From the analysis of the elements presented by the company to demonstrate the calculations of financial charges not accepted as expenses by article 32 EBF it is concluded that A… used a formula to determine the portion of financial charges incurred that relate to the acquisition of financial investments in subsidiaries, however, considering only as relevant for these calculations the cost of the shareholdings held, the acquisition value of the shares of the companies in which it participates.
That is, the company did not consider in its calculation formula the value recorded in accounting as financial investments that relate to supplementary contributions and accessory contributions.
In this conformity and having as reference the ratio legis of article 32 of the EBF, it is important to demonstrate that the concept of capital stakes for purposes of this rule encompasses capital stock and supplementary contributions, as well as accessory contributions under the same regime.
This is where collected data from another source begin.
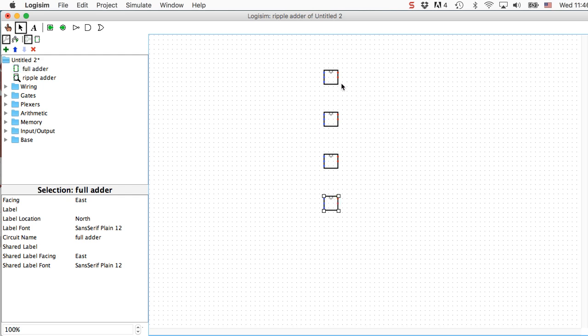And I'm now going to connect up the carries. So the carry out of one of them becomes the carry in of the next one. Like this.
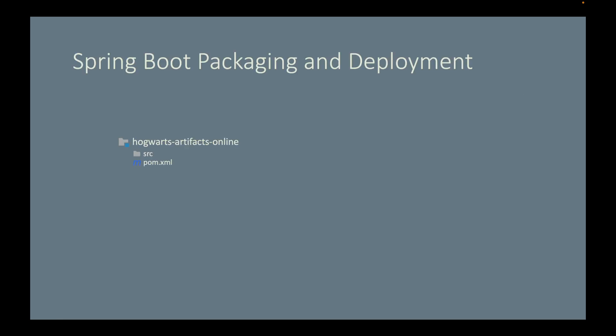Here is an overview of what you will learn in the next couple of videos. We will first build and package our Spring Boot application into an executable jar file.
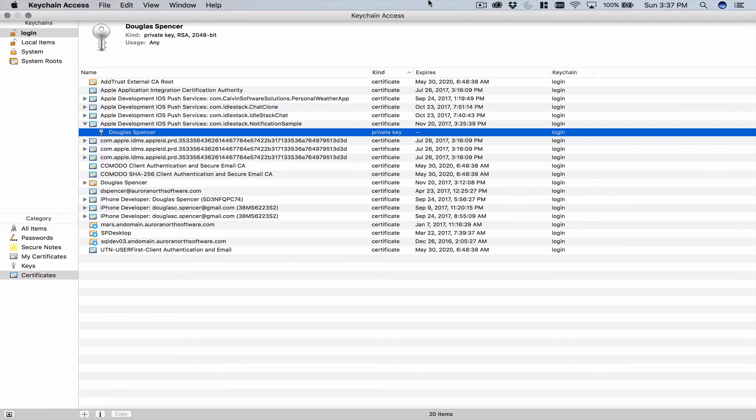So at this point we've created our app ID up at the Apple developer spot, which is great. And we've created our cert to match that. And so we're on our way to getting our push notifications set up. So I'm going to stop this video for now. I'm going to pick it up. We're going to be going over the configuration that happens up on our Firebase account. Thanks for tuning in.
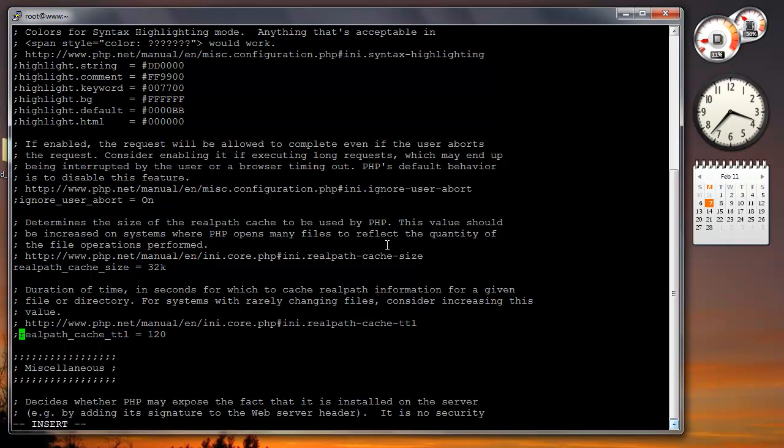And I'm going to uncomment the TTL, and by doing that they actually turn on the realpath cache. I'm gonna link to the actual manual and information about it and how you tweak those numbers to your specific environment in the notes.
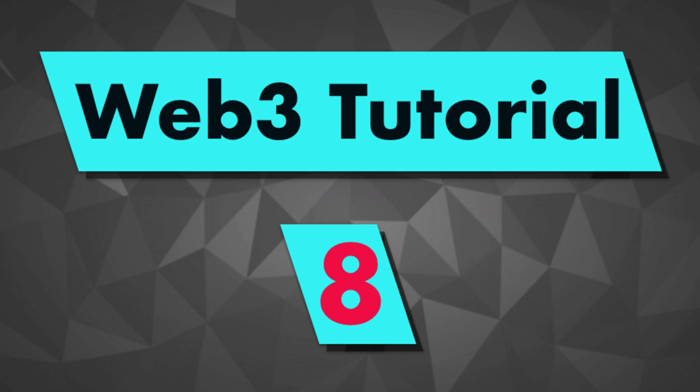Hey, hey, this is Julien and you are on Eat the Blocks. In this video, I'm going to show you how you can listen to events with Web3.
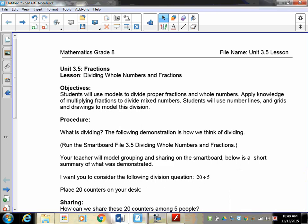Welcome to fractions again - lesson 3.5. In this lesson we're going to be working with whole numbers and fractions. Students are going to use models; we're going to do a little bit of work with counters, and then you're going to apply this to more of an algorithmic or symbolic method.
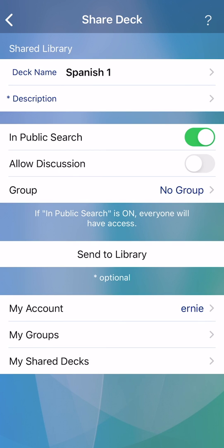In the share deck screen, there is a help button with more details. That's all for this video. See you next time.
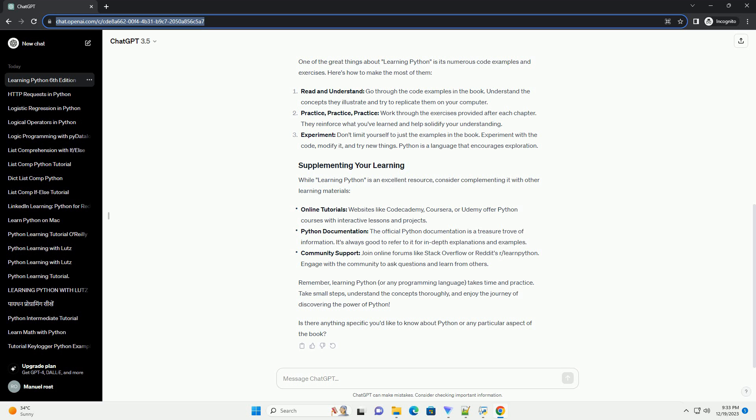Community support: join online forums like Stack Overflow or Reddit's r/learnpython. Engage with the community to ask questions and learn from others.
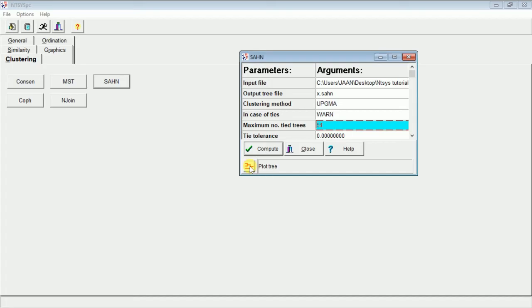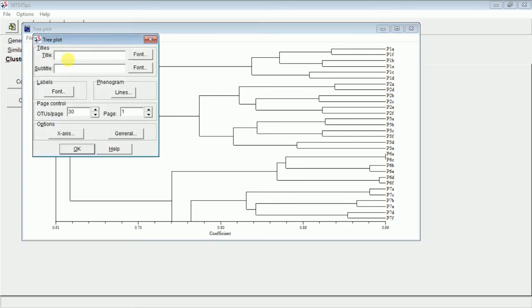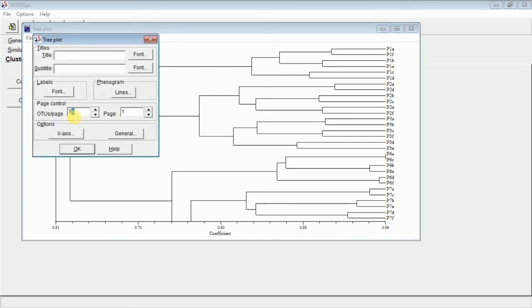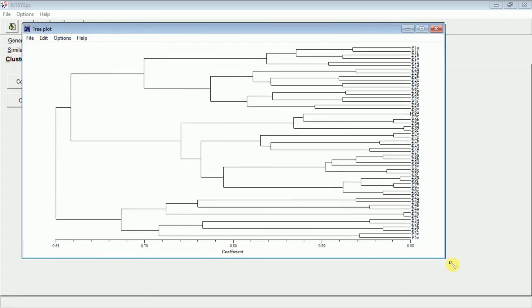You can see a Tree Plot icon — just click it and a dendrogram will appear. However, this is not the complete dendrogram because some branches are merged. Go to Options, then Plot Options, and increase the OTU number to 54. Click OK. Now this is the complete tree that has been generated.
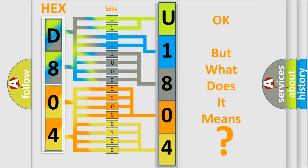So, what does the diagnostic trouble code U180408 interpret specifically for Jeep car manufacturers?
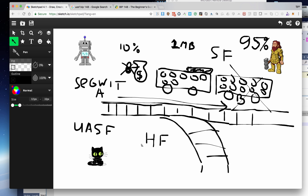On the 1st of August 2017, the User Activated Soft Fork will come into effect. What that means is it will no longer be the miners who decide whether to implement SegWit — it will be the users who decide. If 51% of users decide to go with SegWit, the SegWit protocol will take over and we won't have two coins.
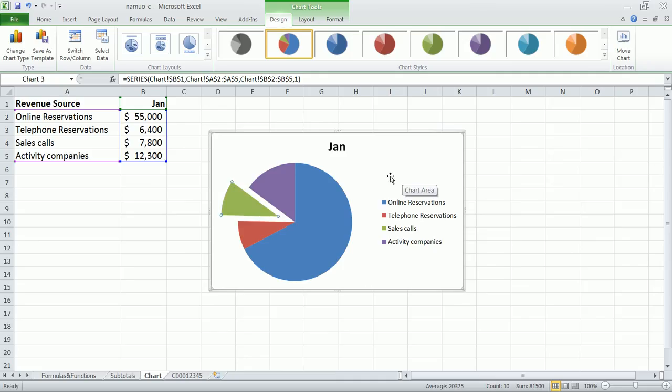Okay, alright, so that's basically it. Just a very simple pie chart in Excel 2010.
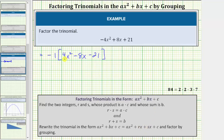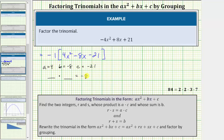Looking at the trinomial inside the brackets, a is equal to four, b is equal to negative eight, and c is equal to negative twenty-one. So to find r and s, we're looking for two integers with a product equal to a times c, which is four times negative twenty-one, equaling negative eighty-four, and a sum equal to b, which is negative eight.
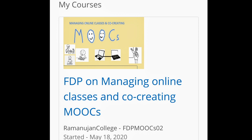Let me tell you about the content of the course. The content is very relevant in the present COVID-19 environment. It focuses on Google Classroom, Google Sites, Google Docs, Zoom App, OBS Studio, and OpenShot software that we use for video editing.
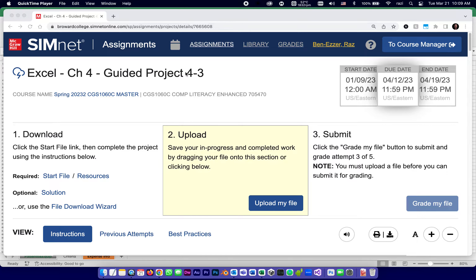This is going to be part one of a series of tutorials to help you complete the McGraw-Hill SimNet Excel Chapter 4 Guided Project 4-3. Just like all the other projects, it starts with downloading some files — in this case, three of them.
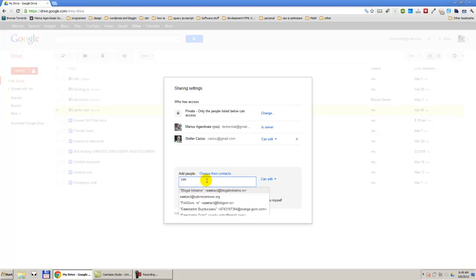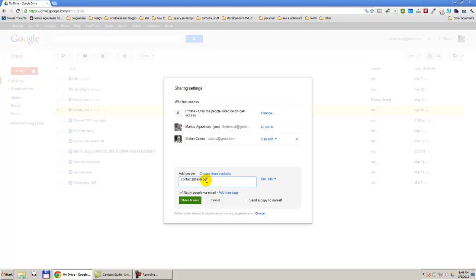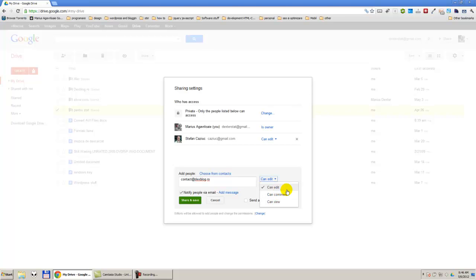I am going to enter contact.dexblog.pro. Here I can give permissions to that person to edit the folder, to comment, or just to view. I am going to give the permission to edit and share.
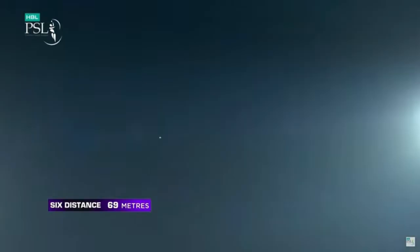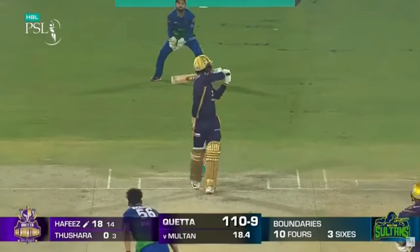Abbas Friddy to Hafiz — 4! Wide yorker, Hafiz gets his bat out and runs it down for a boundary.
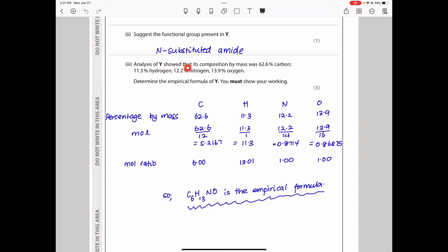Analysis of Y shows its composition by mass is: 62.6% carbon, 11.3% hydrogen, 12.2% nitrogen, and 13.9% oxygen. To find the empirical formula, divide each percentage by the atomic mass of each element to get moles. Then divide by the smallest value to get the whole number ratio: C:H:N:O = 6:13:1:1. The empirical formula of Y is C₆H₁₃NO.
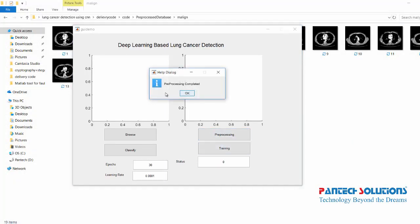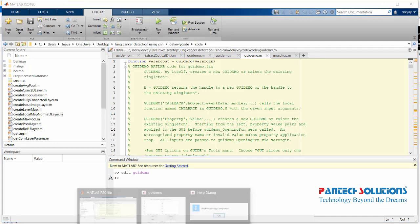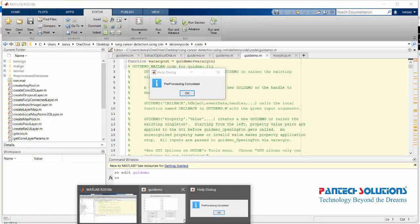Once the process is done, you will get a dialog box saying pre-processing complete.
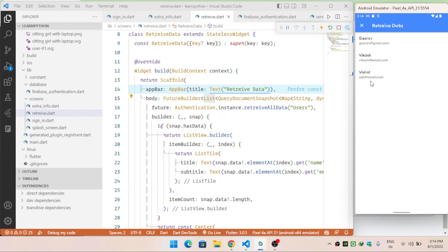In this video we have seen three ways to retrieve documents from Firestore: when we know the document ID, when we don't know the ID but have a unique field like email, and how to retrieve all documents inside a collection. In the next video we will see how to update data inside a particular document. Please subscribe, like, and share — help us reach 500 subscribers. Thanks for watching.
It should be noted, however, that this equation to "capital stakes" only encompasses supplementary contributions and accessory contributions under the supplementary contributions regime that are demonstrably subject to a regime identical to that established in article 210 and following of the Commercial Societies Code, of which it seems important to highlight the following essential aspects:
-
they are not remunerated;
-
their restitution cannot occur if it results that the company's net worth falls below the sum of capital and legal reserve;
-
their restitution depends on a resolution by the shareholders;
-
they cannot be restituted after the company is declared bankrupt.
(C) Capital stakes and accessory contributions subject to the supplementary contributions regime
Given the particular interests of taxation, it becomes evident that the meaning and conceptual scope of the expression capital stakes will be broader than that of mere participation in capital stock.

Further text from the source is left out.